--- EXERCISE REQUIREMENTS ---
Wherever the string "BLACK" appears in the records, return the line that holds it.

_ _ _

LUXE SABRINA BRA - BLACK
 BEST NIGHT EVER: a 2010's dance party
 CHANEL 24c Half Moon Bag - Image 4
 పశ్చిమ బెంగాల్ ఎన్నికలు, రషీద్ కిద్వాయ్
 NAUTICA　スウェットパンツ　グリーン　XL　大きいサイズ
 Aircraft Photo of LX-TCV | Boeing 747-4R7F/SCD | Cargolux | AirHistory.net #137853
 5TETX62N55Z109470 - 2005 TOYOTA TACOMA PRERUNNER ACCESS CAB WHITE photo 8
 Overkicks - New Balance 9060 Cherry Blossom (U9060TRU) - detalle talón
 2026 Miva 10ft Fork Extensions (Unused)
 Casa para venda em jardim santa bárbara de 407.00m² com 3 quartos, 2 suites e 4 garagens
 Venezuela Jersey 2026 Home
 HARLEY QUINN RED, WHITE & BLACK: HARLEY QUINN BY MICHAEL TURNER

_ _ _

--- TASK RESPONSE ---
LUXE SABRINA BRA - BLACK
 HARLEY QUINN RED, WHITE & BLACK: HARLEY QUINN BY MICHAEL TURNER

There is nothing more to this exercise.